Task brief :: All of the entries below, duplicated exactly, make up the answer.

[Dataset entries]
----

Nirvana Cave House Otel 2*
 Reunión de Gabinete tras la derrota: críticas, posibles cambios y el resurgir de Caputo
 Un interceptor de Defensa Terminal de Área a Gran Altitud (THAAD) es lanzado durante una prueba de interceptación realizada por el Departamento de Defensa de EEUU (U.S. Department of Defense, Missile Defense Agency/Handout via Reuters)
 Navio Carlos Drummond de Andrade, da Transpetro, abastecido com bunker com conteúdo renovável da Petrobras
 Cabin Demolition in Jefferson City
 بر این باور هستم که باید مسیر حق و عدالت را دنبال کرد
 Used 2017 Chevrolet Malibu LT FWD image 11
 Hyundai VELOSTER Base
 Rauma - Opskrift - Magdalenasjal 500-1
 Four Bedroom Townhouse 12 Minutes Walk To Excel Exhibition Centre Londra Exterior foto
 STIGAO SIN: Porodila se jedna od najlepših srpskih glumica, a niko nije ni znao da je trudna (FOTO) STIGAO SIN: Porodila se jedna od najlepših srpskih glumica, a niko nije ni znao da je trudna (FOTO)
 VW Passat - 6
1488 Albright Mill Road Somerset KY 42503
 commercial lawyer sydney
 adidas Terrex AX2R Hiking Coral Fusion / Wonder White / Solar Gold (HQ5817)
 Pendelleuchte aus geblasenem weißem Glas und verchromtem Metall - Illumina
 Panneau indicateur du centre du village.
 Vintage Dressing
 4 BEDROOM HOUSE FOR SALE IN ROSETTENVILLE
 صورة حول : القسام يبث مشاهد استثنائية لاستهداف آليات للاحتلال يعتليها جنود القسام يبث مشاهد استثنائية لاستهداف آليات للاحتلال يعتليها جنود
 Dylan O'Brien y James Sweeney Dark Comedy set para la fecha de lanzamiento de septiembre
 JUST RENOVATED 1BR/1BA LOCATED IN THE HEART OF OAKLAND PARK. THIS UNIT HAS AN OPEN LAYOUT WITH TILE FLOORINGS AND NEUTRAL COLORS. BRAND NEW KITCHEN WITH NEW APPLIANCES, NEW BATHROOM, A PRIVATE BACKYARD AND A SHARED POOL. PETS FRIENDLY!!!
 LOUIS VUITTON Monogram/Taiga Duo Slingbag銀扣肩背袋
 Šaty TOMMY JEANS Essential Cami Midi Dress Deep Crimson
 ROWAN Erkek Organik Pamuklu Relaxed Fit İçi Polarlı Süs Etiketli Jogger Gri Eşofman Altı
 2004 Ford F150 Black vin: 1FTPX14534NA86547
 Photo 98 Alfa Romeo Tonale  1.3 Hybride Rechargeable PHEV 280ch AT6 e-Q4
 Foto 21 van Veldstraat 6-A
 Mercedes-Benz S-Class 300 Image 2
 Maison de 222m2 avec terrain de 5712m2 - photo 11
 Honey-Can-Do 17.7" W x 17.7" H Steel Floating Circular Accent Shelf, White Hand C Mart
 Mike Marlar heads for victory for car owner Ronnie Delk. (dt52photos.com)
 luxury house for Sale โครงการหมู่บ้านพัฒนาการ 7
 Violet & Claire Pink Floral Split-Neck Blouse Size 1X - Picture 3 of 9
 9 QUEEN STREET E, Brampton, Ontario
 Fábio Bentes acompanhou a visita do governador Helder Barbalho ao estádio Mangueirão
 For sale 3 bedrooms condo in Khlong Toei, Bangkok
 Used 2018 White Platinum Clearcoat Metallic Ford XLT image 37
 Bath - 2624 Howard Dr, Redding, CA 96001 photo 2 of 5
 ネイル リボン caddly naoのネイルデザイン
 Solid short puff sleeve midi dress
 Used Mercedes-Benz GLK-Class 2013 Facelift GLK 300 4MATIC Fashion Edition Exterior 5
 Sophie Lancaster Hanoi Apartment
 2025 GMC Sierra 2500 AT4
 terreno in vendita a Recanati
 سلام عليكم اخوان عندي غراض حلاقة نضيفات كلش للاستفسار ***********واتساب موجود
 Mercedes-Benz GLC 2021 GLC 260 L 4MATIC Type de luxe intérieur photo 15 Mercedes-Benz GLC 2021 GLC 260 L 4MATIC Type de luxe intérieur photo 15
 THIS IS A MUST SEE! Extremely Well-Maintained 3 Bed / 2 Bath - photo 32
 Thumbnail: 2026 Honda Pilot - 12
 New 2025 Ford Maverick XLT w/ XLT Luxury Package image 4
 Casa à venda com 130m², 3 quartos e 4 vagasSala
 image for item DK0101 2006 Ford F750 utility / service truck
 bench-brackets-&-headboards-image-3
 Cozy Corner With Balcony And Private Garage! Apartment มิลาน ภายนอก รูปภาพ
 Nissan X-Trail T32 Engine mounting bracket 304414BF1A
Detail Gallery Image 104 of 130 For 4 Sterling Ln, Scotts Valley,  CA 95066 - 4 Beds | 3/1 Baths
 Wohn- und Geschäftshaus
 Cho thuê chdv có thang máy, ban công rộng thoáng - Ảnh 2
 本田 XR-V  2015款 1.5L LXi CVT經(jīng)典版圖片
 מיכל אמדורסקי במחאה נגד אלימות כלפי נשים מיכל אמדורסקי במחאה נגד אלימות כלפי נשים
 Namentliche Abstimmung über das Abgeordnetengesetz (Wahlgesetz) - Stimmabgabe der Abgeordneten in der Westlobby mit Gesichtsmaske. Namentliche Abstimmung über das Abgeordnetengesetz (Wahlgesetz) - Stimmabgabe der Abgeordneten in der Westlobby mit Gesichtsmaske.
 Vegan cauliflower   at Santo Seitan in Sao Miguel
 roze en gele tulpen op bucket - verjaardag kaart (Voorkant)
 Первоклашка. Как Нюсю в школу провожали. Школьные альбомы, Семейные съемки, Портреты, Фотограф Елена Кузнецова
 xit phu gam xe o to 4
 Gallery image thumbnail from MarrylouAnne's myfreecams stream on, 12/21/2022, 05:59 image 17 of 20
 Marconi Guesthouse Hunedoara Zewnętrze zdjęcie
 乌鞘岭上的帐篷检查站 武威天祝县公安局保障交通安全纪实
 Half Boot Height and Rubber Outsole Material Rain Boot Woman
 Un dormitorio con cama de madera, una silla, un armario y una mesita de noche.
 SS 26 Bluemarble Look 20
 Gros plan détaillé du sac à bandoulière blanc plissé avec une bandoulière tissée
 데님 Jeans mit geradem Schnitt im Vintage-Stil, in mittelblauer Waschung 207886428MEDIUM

----

Completed exercise ::
Nirvana Cave House Otel 2*
 Reunión de Gabinete tras la derrota: críticas, posibles cambios y el resurgir de Caputo
 Un interceptor de Defensa Terminal de Área a Gran Altitud (THAAD) es lanzado durante una prueba de interceptación realizada por el Departamento de Defensa de EEUU (U.S. Department of Defense, Missile Defense Agency/Handout via Reuters)
 Navio Carlos Drummond de Andrade, da Transpetro, abastecido com bunker com conteúdo renovável da Petrobras
 Cabin Demolition in Jefferson City
 بر این باور هستم که باید مسیر حق و عدالت را دنبال کرد
 Used 2017 Chevrolet Malibu LT FWD image 11
 Hyundai VELOSTER Base
 Rauma - Opskrift - Magdalenasjal 500-1
 Four Bedroom Townhouse 12 Minutes Walk To Excel Exhibition Centre Londra Exterior foto
 STIGAO SIN: Porodila se jedna od najlepših srpskih glumica, a niko nije ni znao da je trudna (FOTO) STIGAO SIN: Porodila se jedna od najlepših srpskih glumica, a niko nije ni znao da je trudna (FOTO)
 VW Passat - 6
1488 Albright Mill Road Somerset KY 42503
 commercial lawyer sydney
 adidas Terrex AX2R Hiking Coral Fusion / Wonder White / Solar Gold (HQ5817)
 Pendelleuchte aus geblasenem weißem Glas und verchromtem Metall - Illumina
 Panneau indicateur du centre du village.
 Vintage Dressing
 4 BEDROOM HOUSE FOR SALE IN ROSETTENVILLE
 صورة حول : القسام يبث مشاهد استثنائية لاستهداف آليات للاحتلال يعتليها جنود القسام يبث مشاهد استثنائية لاستهداف آليات للاحتلال يعتليها جنود
 Dylan O'Brien y James Sweeney Dark Comedy set para la fecha de lanzamiento de septiembre
 JUST RENOVATED 1BR/1BA LOCATED IN THE HEART OF OAKLAND PARK. THIS UNIT HAS AN OPEN LAYOUT WITH TILE FLOORINGS AND NEUTRAL COLORS. BRAND NEW KITCHEN WITH NEW APPLIANCES, NEW BATHROOM, A PRIVATE BACKYARD AND A SHARED POOL. PETS FRIENDLY!!!
 LOUIS VUITTON Monogram/Taiga Duo Slingbag銀扣肩背袋
 Šaty TOMMY JEANS Essential Cami Midi Dress Deep Crimson
 ROWAN Erkek Organik Pamuklu Relaxed Fit İçi Polarlı Süs Etiketli Jogger Gri Eşofman Altı
 2004 Ford F150 Black vin: 1FTPX14534NA86547
 Photo 98 Alfa Romeo Tonale  1.3 Hybride Rechargeable PHEV 280ch AT6 e-Q4
 Foto 21 van Veldstraat 6-A
 Mercedes-Benz S-Class 300 Image 2
 Maison de 222m2 avec terrain de 5712m2 - photo 11
 Honey-Can-Do 17.7" W x 17.7" H Steel Floating Circular Accent Shelf, White Hand C Mart
 Mike Marlar heads for victory for car owner Ronnie Delk. (dt52photos.com)
 luxury house for Sale โครงการหมู่บ้านพัฒนาการ 7
 Violet & Claire Pink Floral Split-Neck Blouse Size 1X - Picture 3 of 9
 9 QUEEN STREET E, Brampton, Ontario
 Fábio Bentes acompanhou a visita do governador Helder Barbalho ao estádio Mangueirão
 For sale 3 bedrooms condo in Khlong Toei, Bangkok
 Used 2018 White Platinum Clearcoat Metallic Ford XLT image 37
 Bath - 2624 Howard Dr, Redding, CA 96001 photo 2 of 5
 ネイル リボン caddly naoのネイルデザイン
 Solid short puff sleeve midi dress
 Used Mercedes-Benz GLK-Class 2013 Facelift GLK 300 4MATIC Fashion Edition Exterior 5
 Sophie Lancaster Hanoi Apartment
 2025 GMC Sierra 2500 AT4
 terreno in vendita a Recanati
 سلام عليكم اخوان عندي غراض حلاقة نضيفات كلش للاستفسار ***********واتساب موجود
 Mercedes-Benz GLC 2021 GLC 260 L 4MATIC Type de luxe intérieur photo 15 Mercedes-Benz GLC 2021 GLC 260 L 4MATIC Type de luxe intérieur photo 15
 THIS IS A MUST SEE! Extremely Well-Maintained 3 Bed / 2 Bath - photo 32
 Thumbnail: 2026 Honda Pilot - 12
 New 2025 Ford Maverick XLT w/ XLT Luxury Package image 4
 Casa à venda com 130m², 3 quartos e 4 vagasSala
 image for item DK0101 2006 Ford F750 utility / service truck
 bench-brackets-&-headboards-image-3
 Cozy Corner With Balcony And Private Garage! Apartment มิลาน ภายนอก รูปภาพ
 Nissan X-Trail T32 Engine mounting bracket 304414BF1A
Detail Gallery Image 104 of 130 For 4 Sterling Ln, Scotts Valley,  CA 95066 - 4 Beds | 3/1 Baths
 Wohn- und Geschäftshaus
 Cho thuê chdv có thang máy, ban công rộng thoáng - Ảnh 2
 本田 XR-V  2015款 1.5L LXi CVT經(jīng)典版圖片
 מיכל אמדורסקי במחאה נגד אלימות כלפי נשים מיכל אמדורסקי במחאה נגד אלימות כלפי נשים
 Namentliche Abstimmung über das Abgeordnetengesetz (Wahlgesetz) - Stimmabgabe der Abgeordneten in der Westlobby mit Gesichtsmaske. Namentliche Abstimmung über das Abgeordnetengesetz (Wahlgesetz) - Stimmabgabe der Abgeordneten in der Westlobby mit Gesichtsmaske.
 Vegan cauliflower   at Santo Seitan in Sao Miguel
 roze en gele tulpen op bucket - verjaardag kaart (Voorkant)
 Первоклашка. Как Нюсю в школу провожали. Школьные альбомы, Семейные съемки, Портреты, Фотограф Елена Кузнецова
 xit phu gam xe o to 4
 Gallery image thumbnail from MarrylouAnne's myfreecams stream on, 12/21/2022, 05:59 image 17 of 20
 Marconi Guesthouse Hunedoara Zewnętrze zdjęcie
 乌鞘岭上的帐篷检查站 武威天祝县公安局保障交通安全纪实
 Half Boot Height and Rubber Outsole Material Rain Boot Woman
 Un dormitorio con cama de madera, una silla, un armario y una mesita de noche.
 SS 26 Bluemarble Look 20
 Gros plan détaillé du sac à bandoulière blanc plissé avec une bandoulière tissée
 데님 Jeans mit geradem Schnitt im Vintage-Stil, in mittelblauer Waschung 207886428MEDIUM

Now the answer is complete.